Maintaining freshness of produce and other fresh products is challenging for grocers and their suppliers. Here we discuss why, and how some of these challenges can be solved.


Full Article Below -
Untitled Document

In Part One of this series, we discussed the foundational role of freshness in competition for grocery market share. Here in part two, we look at why maintaining freshness throughout the supply chain is so challenging and how some of these challenges can be solved.

Spoilage Challenges

Global Supply Chain – Long, Complex, Vulnerable

Consumers have come to expect high quality, fresh produce and other perishables (e.g. seafood) twelve months a year, regardless of the season. Fulfilling this expectation requires a very long and complicated supply chain that spans the globe. This creates longer transit times, and many more points of vulnerability for contamination, temperature diversions, and other potential compromises in quality. Using produce as a prime example, the vulnerability points for quality and freshness start with the trip from field to pack house, and can include the inland transportation, loading/unloading, and potentially sorting at the origin and destination ports, the overland travel, repacking at a distribution center, the ‘last mile’ to the retail outlet, and handling at the retailer. Speed, precision, and good monitoring are required for every leg throughout the entire chain to reduce losses and maximize delivered freshness and quality.

The Cost to the Grocer

Spoilage is a huge problem in the grocery supply chain. 16% of produce is lost in the North American supply chain from post harvest, to processing, distribution, and retail.1 Most grocers simply accept this as a cost of doing business, due to the nature of the product. They assume that their existing visual and trailer-level QA processes will reject most of the unacceptable produce and assess a chargeback to the supplier. But the belief that those losses are not being borne by the retailer is misguided. Costs in the supply chain ultimately flow back to the retailer. Conversely, decreases in supply chain losses result in savings that, over the long run, benefit the retailer. Reductions in spoilage result in reductions in costs to the grocer and therefore increased profits and more competitive pricing.

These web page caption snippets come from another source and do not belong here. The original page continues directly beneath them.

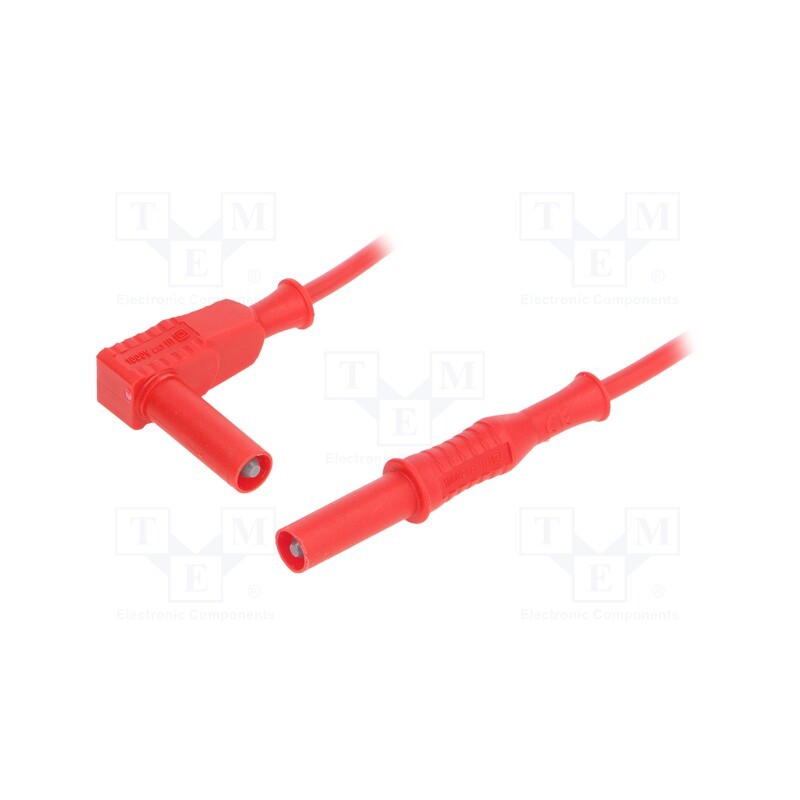 1 pcs x ELECTRO-PJP - 2357-IEC-200-RT - Test lead, 36A, banana plug 4mm,angular banana plug 4mm, Len: 2m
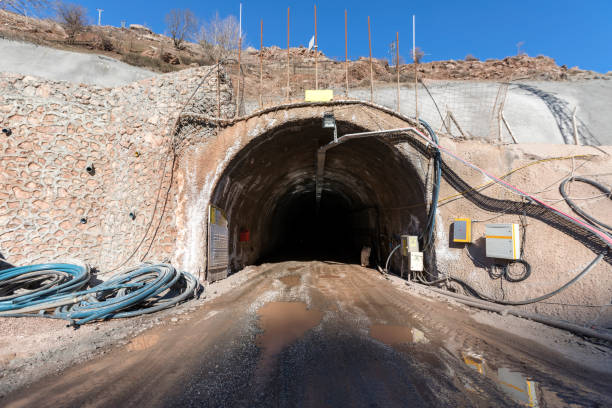 View of the mine entrance for copper mining. View of the mine entrance for copper mining. land mine stock pictures, royalty-free photos & images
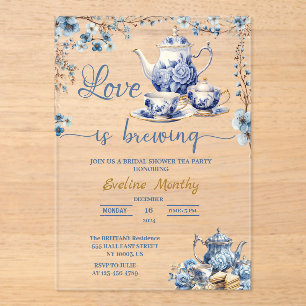 Invitations En Acrylique Love Is Brewing Party Delft Bleu Floral Chinoiseri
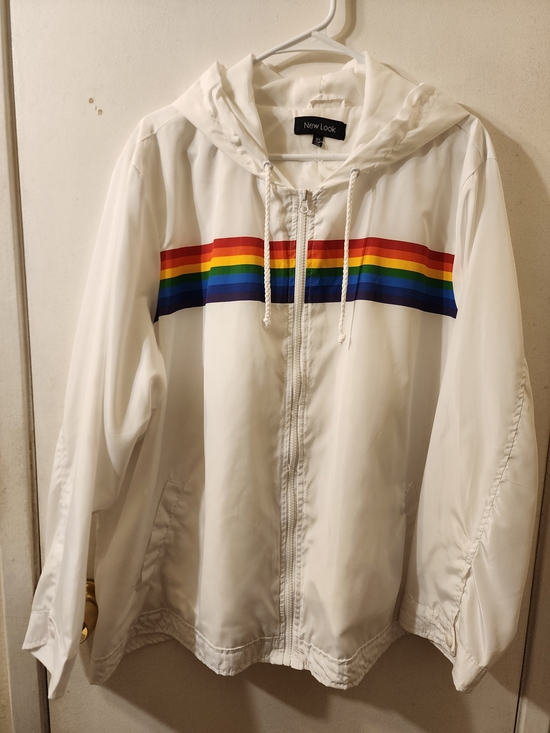 New Look Jackets & Blazers - New Look Women's Plus Size White Gay PRIDE LGBT Hooded Jacket w/ Rainbow Stripe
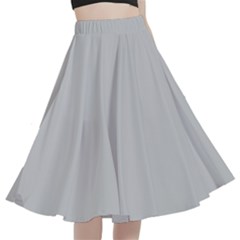 Silver Sand Grey	 - 	a-line Full Circle Midi Skirt With Pocket by ColorfulWomensWear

Furthermore, since QA processes currently rely on visual inspection and trailer-level monitoring, they often miss issues caused by improper temperature control. Once the retailer has accepted the produce and put it on display, they have little choice but to continue to sort and throw out anything that goes bad, which costs both in terms of waste and increased labor. In fact, grocer retail executives get concerned if perishable waste numbers for a particular store are too low, worrying that it is an indicator that the displays are not fully stocked or not being adequately culled, negatively impacting the customer’s experience and willingness to buy. Fortunately, there are practices that can reduce both pre- and post-QA produce losses, maintaining higher quality and resulting in net benefits for the retailer.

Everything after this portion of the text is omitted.